The above Detailed Description of examples and embodiments of the invention is not intended to be exhaustive or to limit the invention to the precise form disclosed above. While specific examples for the invention are described above for illustrative purposes, various equivalent modifications are possible within the scope of the invention, as those skilled in the relevant art will recognize.
The teachings of the invention provided herein can be applied to other systems, not necessarily the system described above. The elements and acts of the various examples described above can be combined to provide further implementations of the invention. Some alternative implementations of the invention may include not only additional elements to those implementations noted above, but also may include fewer elements. Further any specific numbers noted herein are only examples: alternative implementations may employ differing values or ranges.
While the above description describes various embodiments of the invention and the best mode contemplated, regardless how detailed the above text, the invention can be practiced in many ways. Details of the system may vary considerably in its specific implementation, while still being encompassed by the present disclosure. As noted above, particular terminology used when describing certain features or aspects of the invention should not be taken to imply that the terminology is being redefined herein to be restricted to any specific characteristics, features, or aspects of the invention with which that terminology is associated. In general, the terms used in the following claims should not be construed to limit the invention to the specific examples disclosed in the specification, unless the above Detailed Description section explicitly defines such terms. Accordingly, the actual scope of the invention encompasses not only the disclosed examples, but also all equivalent ways of practicing or implementing the invention under the claims.

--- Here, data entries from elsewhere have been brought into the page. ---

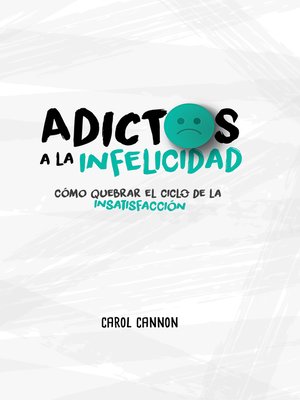 cover image of Adictos a la infelicidad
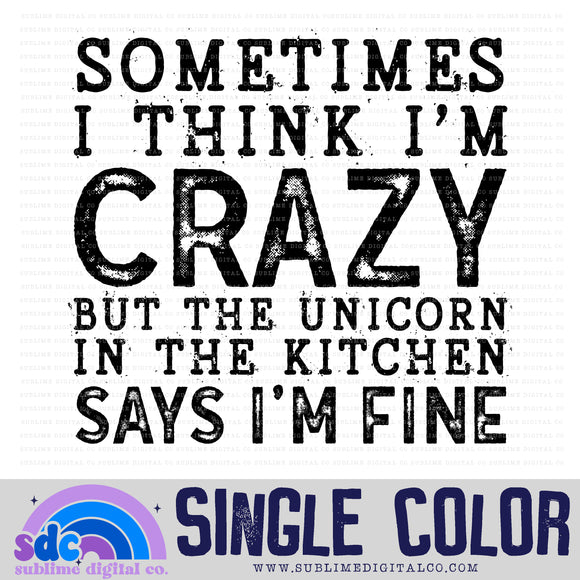 Sometimes I Think I'm Crazy • Single Color • Instant Download • Sublimation Design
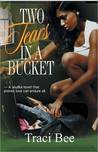 Two Tears in a Bucket by Traci Bee Two Tears in a Bucket by Traci Bee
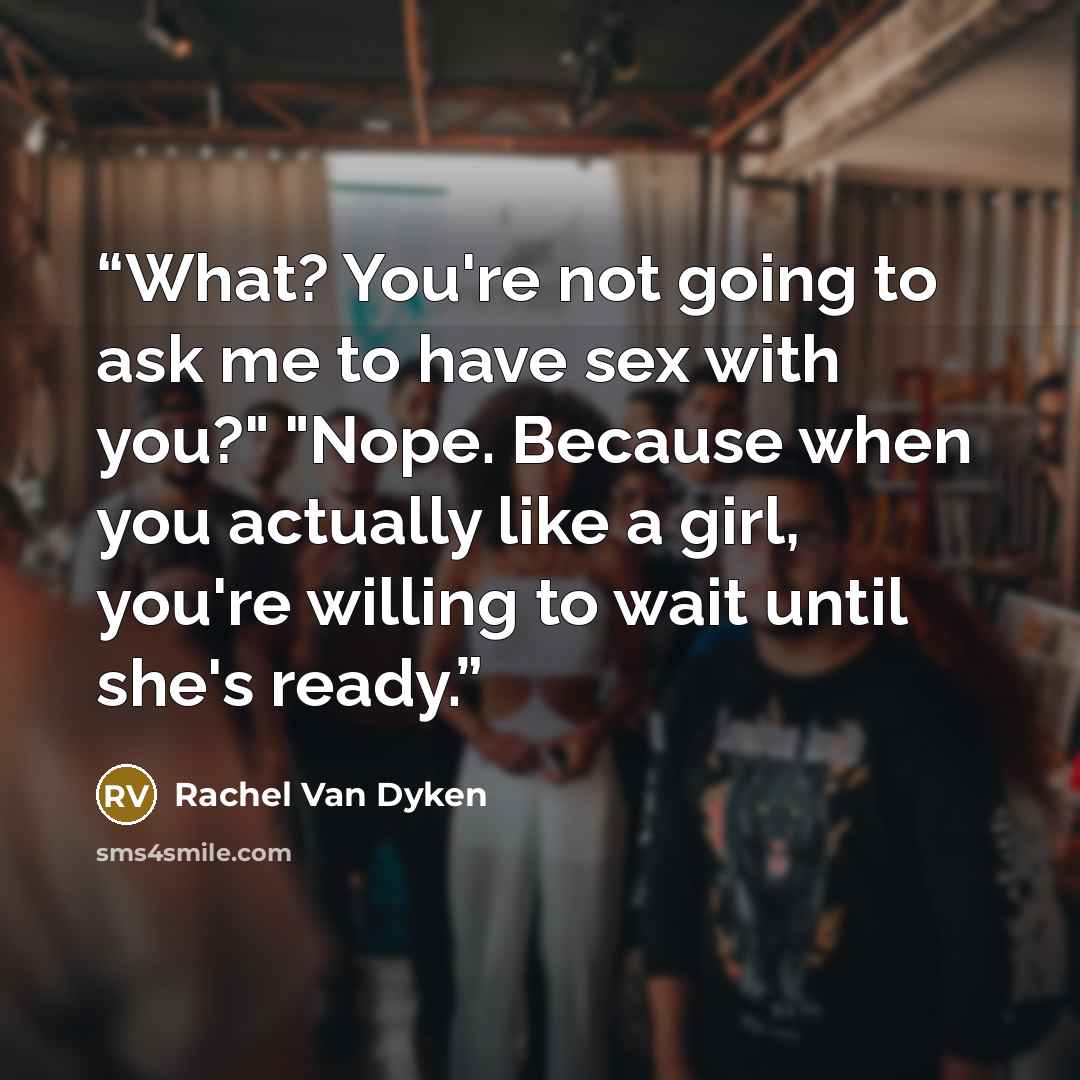 “What? You're not going to ask me to have sex with you?" "Nope. Because when you actually like a girl, you're willing to wait until she's ready.” quote by Rachel Van Dyken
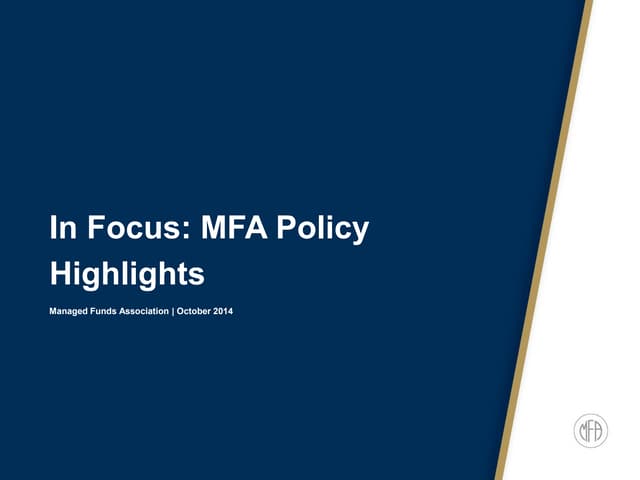 In Focus: MFA Policy Highlights PPT In Focus: MFA Policy Highlights PPT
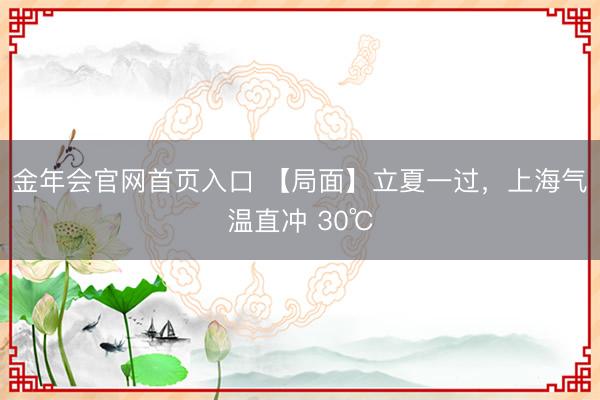 金年会官网首页入口 【局面】立夏一过，上海气温直冲 30℃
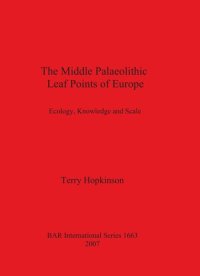 cover of the book The Middle Palaeolithic Leaf Points of Europe: Ecology, Knowledge and Scale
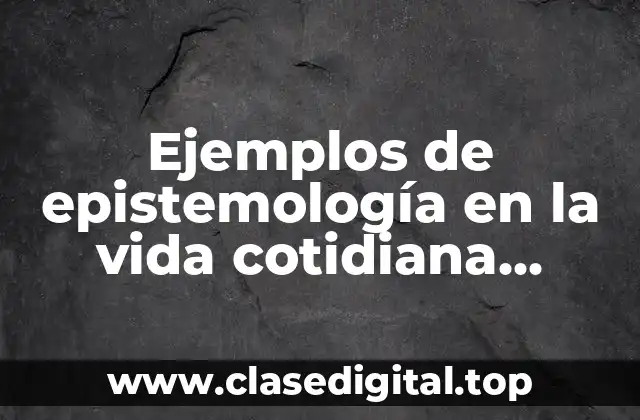 Ejemplos de epistemología en la vida cotidiana filosofía y Significado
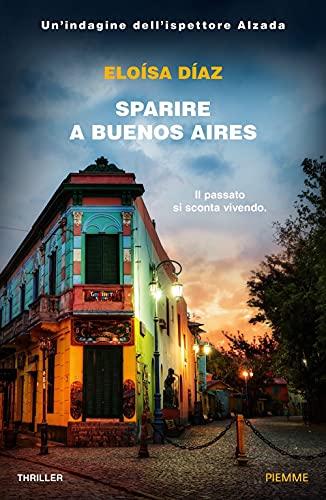 Sparire a Buenos Aires. Un'indagine dell'ispettore Alzada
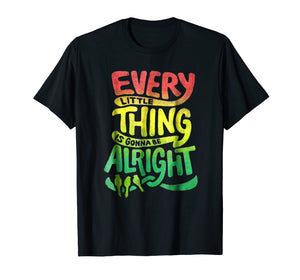 Every Little Thing Is Gonna Be Alright Tshirt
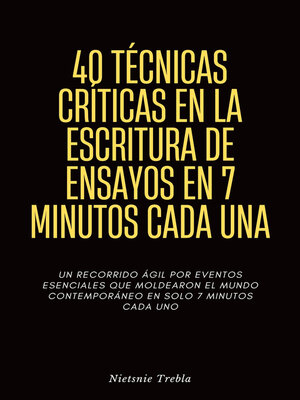 cover image of 40 Técnicas Críticas en la Escritura de Ensayos en 7 Minutos Cada Una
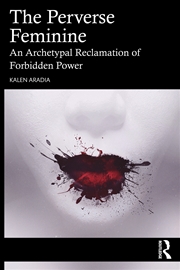 Buy Perverse Feminine An Archetypal Reclamation Of Forbidden Power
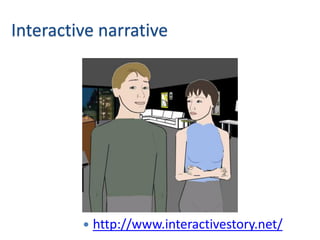 Interactive narrative




            http://www.interactivestory.net/
 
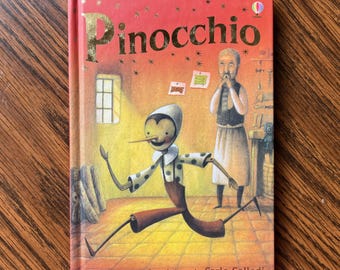 Pinocchio, from Carlo Collodi’s Tale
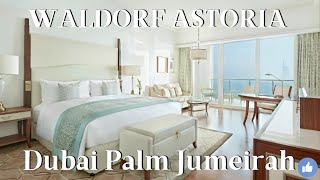 Waldorf Astoria  The Palm Dubai Room Tour [upl. by Eltsirk]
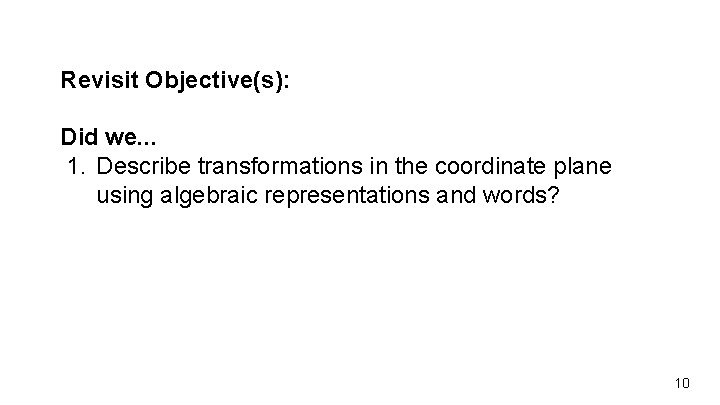 Revisit Objective(s): Did we. . . 1. Describe transformations in the coordinate plane using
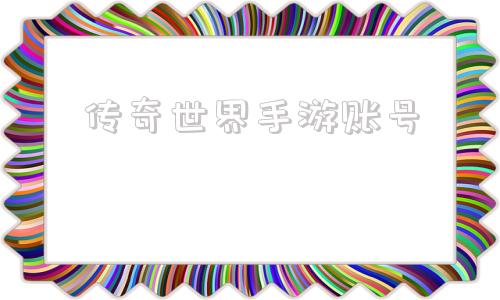 传奇世界手游账号腾讯传奇世界手游官网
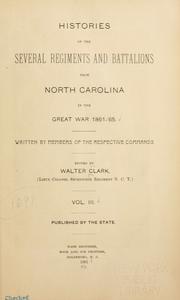 Cover of: Histories of the several regiments and battalions from North Carolina, in the great war 1861-'65.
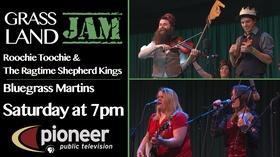 Video thumbnail: Grassland Jam S4 Ep 11: Roochie Toochie / Bluegrass Martins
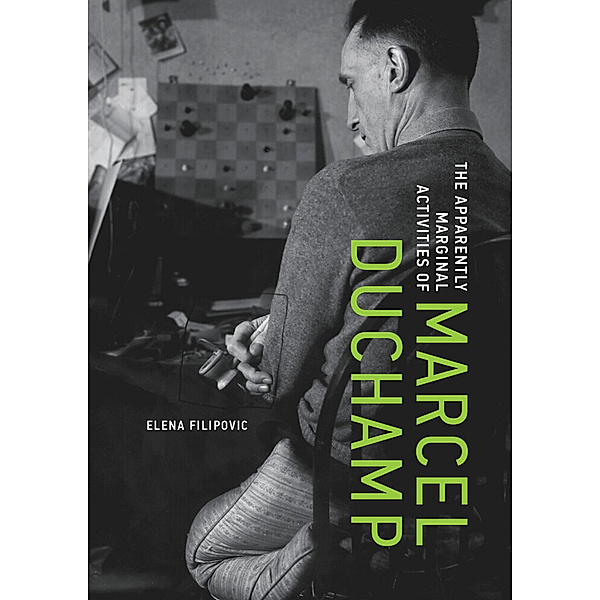 The Apparently Marginal Activities of Marcel Duchamp, Elena Filipovic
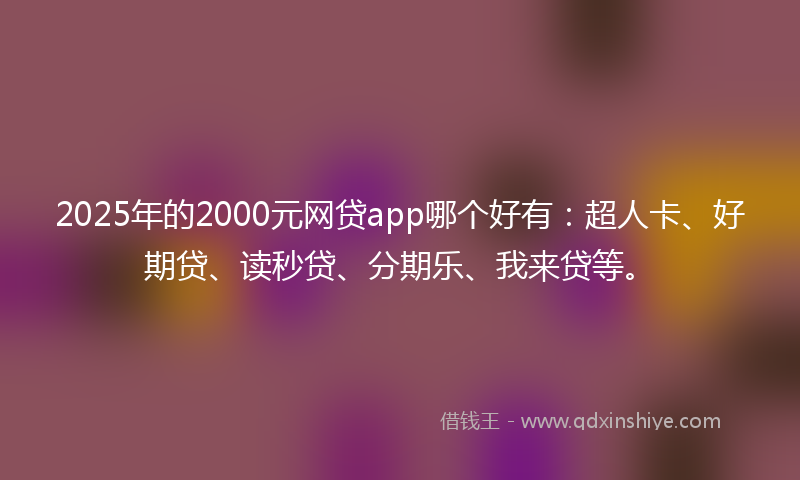 2025年的2000元网贷app哪个好有：超人卡、好期贷、读秒贷、分期乐、我来贷等。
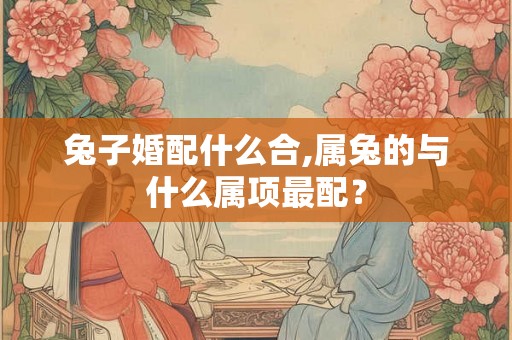 兔子婚配什么合,属兔的与什么属项最配？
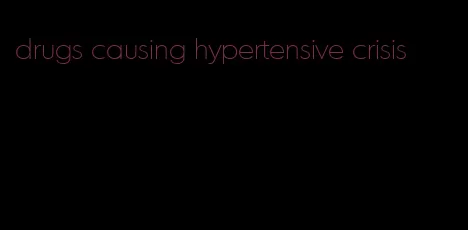 drugs causing hypertensive crisis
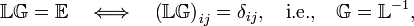  \mathbb{L}  \mathbb{G}  = \mathbb{E}\quad \Longleftrightarrow \quad  \left(\mathbb{L}  \mathbb{G}\right)_{ij} = \delta_{ij}, \quad\hbox{i.e.,}\quad \mathbb{G} = \mathbb{L}^{-1}, 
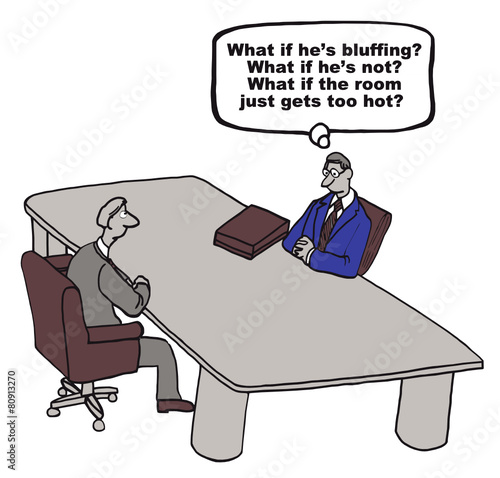 Cartoon of a negotiation, is opponent bluffing?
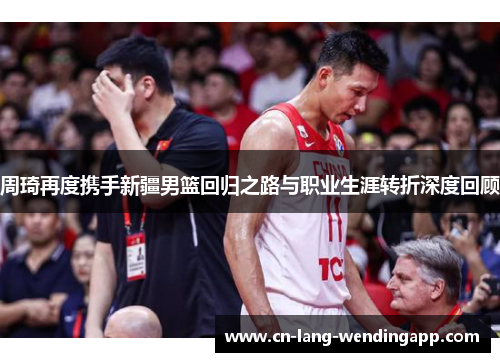 周琦再度携手新疆男篮回归之路与职业生涯转折深度回顾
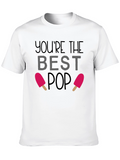 Youre The Best Pop T-Shirt
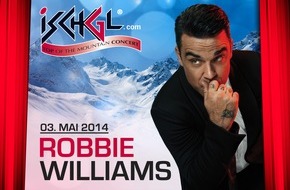 Tourismusverband Paznaun - Ischgl: Ischgl gibt zum Saisonende nochmal richtig Gas / Robbie Williams und Fettes Brot auf 2´300 Metern Höhe (BILD)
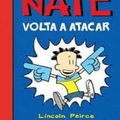 Cover Art for 9788576427063, Nate Volta A Atacar (Em Portugues do Brasil) by Lincoln Peirce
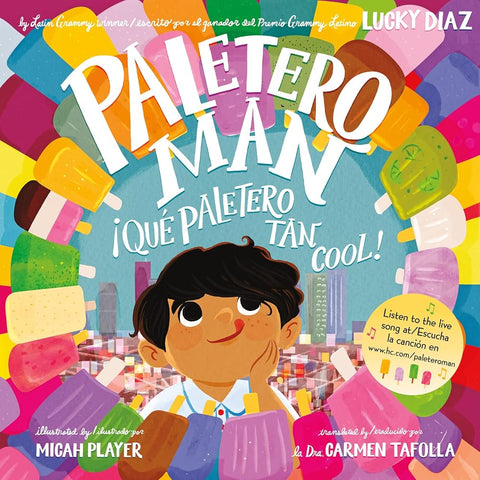 Paletero Man/¡Que Paletero tan Cool!: Bilingual English-Spanish (Spanish Edition) cover image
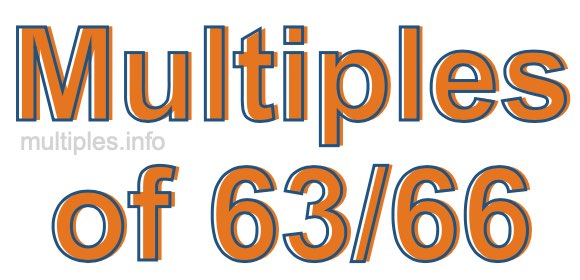 Multiples of 63/66 Multiples of 63/66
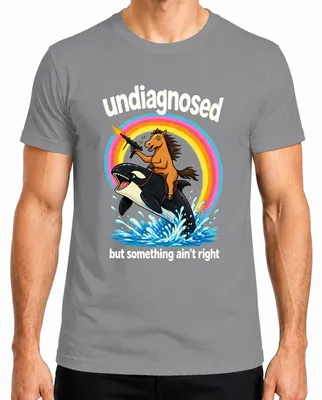 Zdjęcie produktu dla Koszulka męska "Undiagnosed But Something Ain't Right Pferd Statement", kolor: szary, rozmiar: M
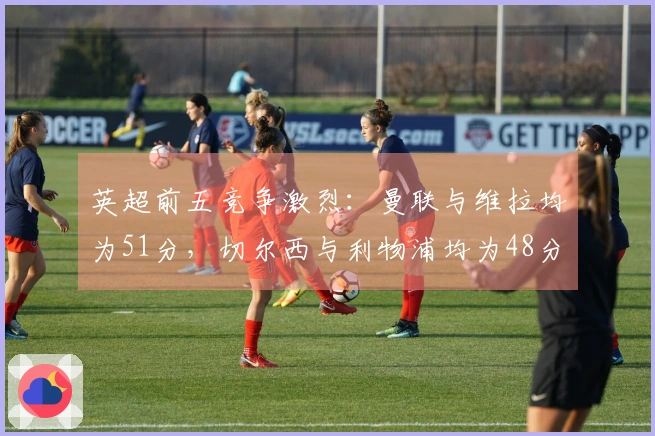 英超前五竞争激烈：曼联与维拉均为51分，切尔西与利物浦均为48分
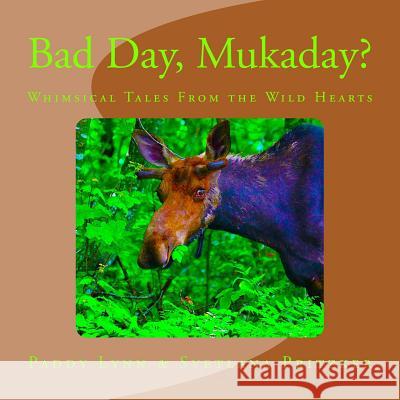 Bad Day, Mukaday?: Whimsical Tales From the Wild Hearts Pritzker, Svetlana 9781534700406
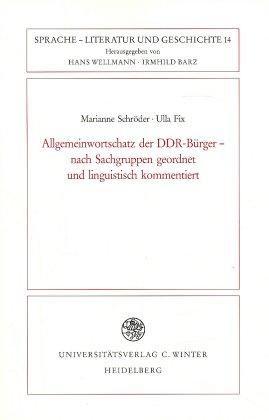 Cover-Bild Allgemeinwortschatz der DDR-Bürger - nach Sachgruppen geordnet und linguistisch kommentiert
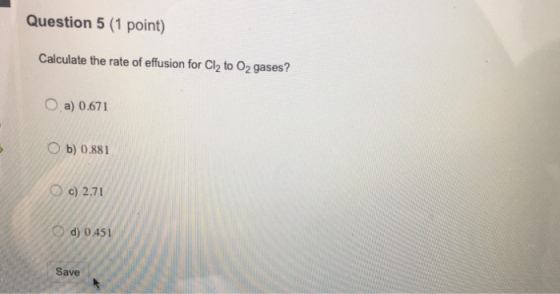 Question 5 (1 point) Calculate the rate of effusion for Cl2 to 02 gases? O a) 0.671 0 b) 0.881 Oc) 2.71 O d) 0 451 Save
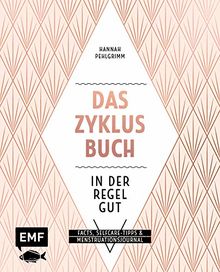 Dein Zyklus-Buch – Period.: Facts, natürliche Selfcare-Tipps & Menstruationsjournal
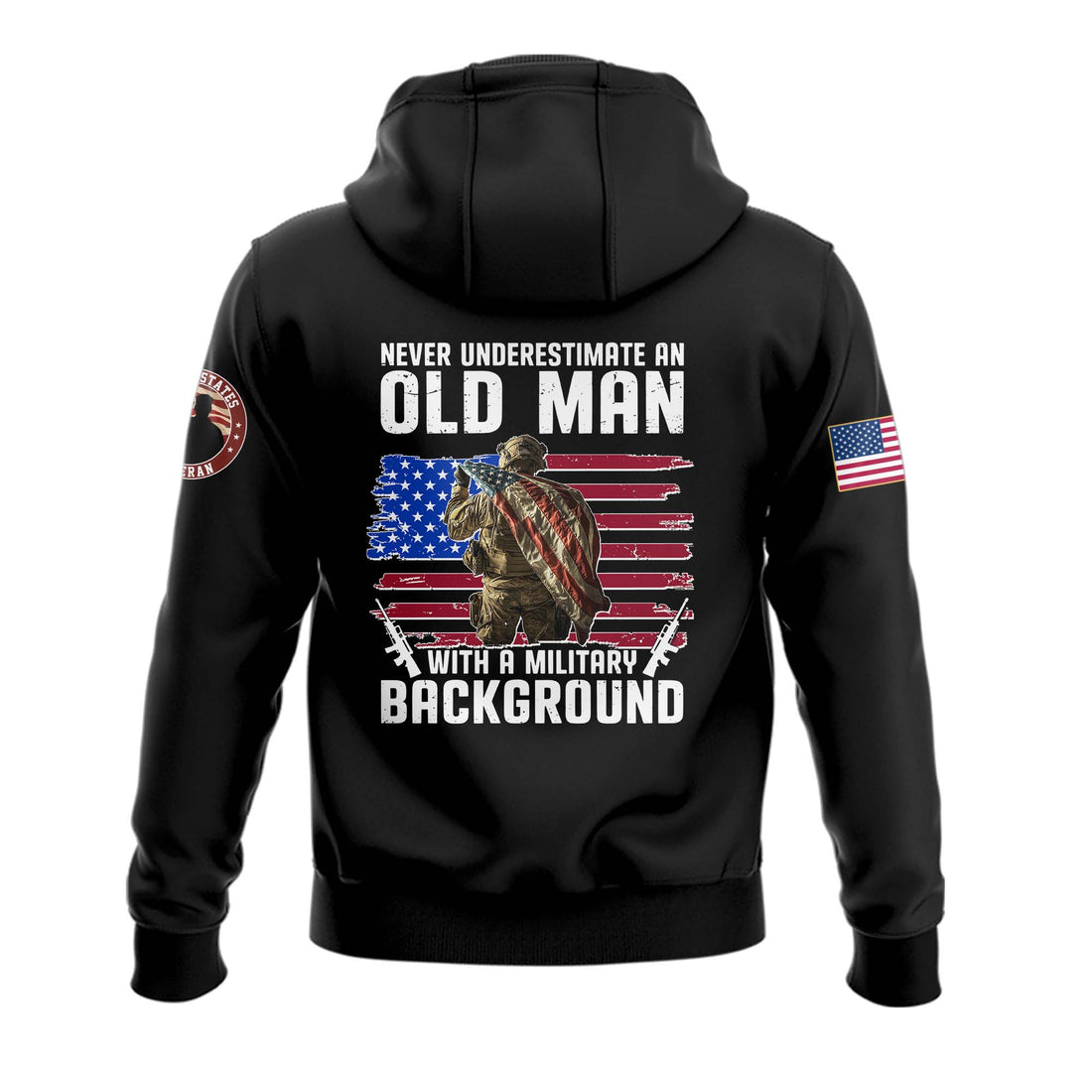 Never Underestimate An Old Man With A Military Background Hoodie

From the foregoing, it will be appreciated that specific embodiments of the invention have been described herein for purposes of illustration, but that various modifications may be made without deviating from the spirit and scope of the various embodiments of the invention. Further, while various advantages associated with certain embodiments of the invention have been described above in the context of those embodiments, other embodiments may also exhibit such advantages, and not all embodiments need necessarily exhibit such advantages to fall within the scope of the invention. Accordingly, the invention is not limited, except as by the appended claims.
Although certain aspects of the invention are presented below in certain claim forms, the applicant contemplates the various aspects of the invention in any number of claim forms. Accordingly, the applicant reserves the right to pursue additional claims after filing this application to pursue such additional claim forms, in either this application or in a continuing application.